> **Directions**:
Once the line holding "Die-cast Pull Back Tractor (Asst)" is found, output it and all remaining lines of the data exactly, with every picture left out.

> **Dataset content**:
+ + + + +

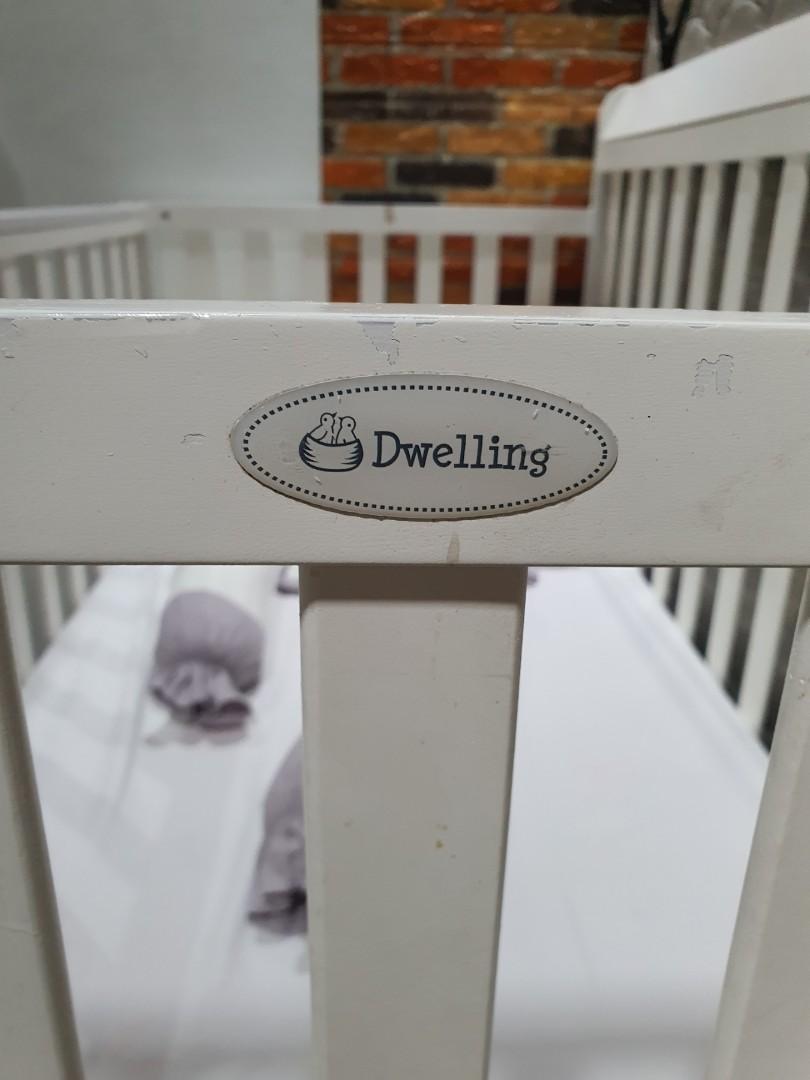 Preloved Wooden Convertible Crib in White Dwelling Brand, Babies & Kids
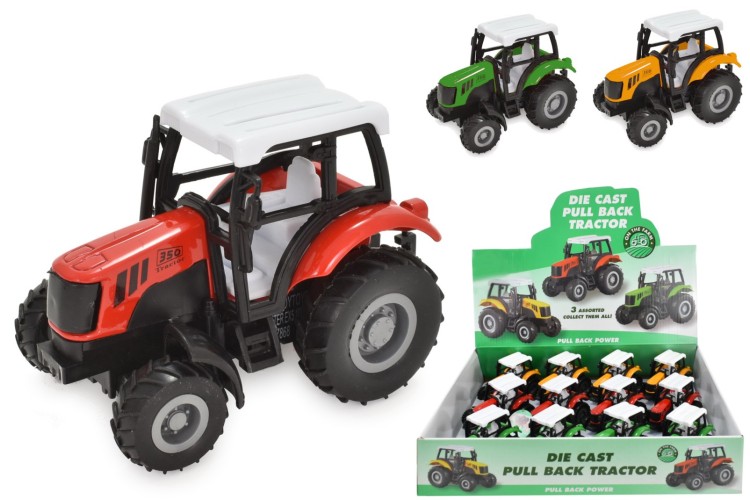 Die-cast Pull Back Tractor (Asst)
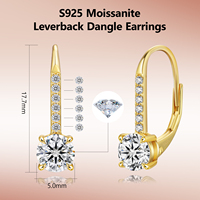 Boucles d'oreilles pendantes en moissanite pour femme, 1,0 ct-2,0 ct, couleur D, diamant de laboratoire, plaqué or blanc 14 carats, argent S925, boucles d'oreilles pendantes à fermoir à levier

+ + + + +

> **Reply to the exercise**:
 Die-cast Pull Back Tractor (Asst)
 Boucles d'oreilles pendantes en moissanite pour femme, 1,0 ct-2,0 ct, couleur D, diamant de laboratoire, plaqué or blanc 14 carats, argent S925, boucles d'oreilles pendantes à fermoir à levier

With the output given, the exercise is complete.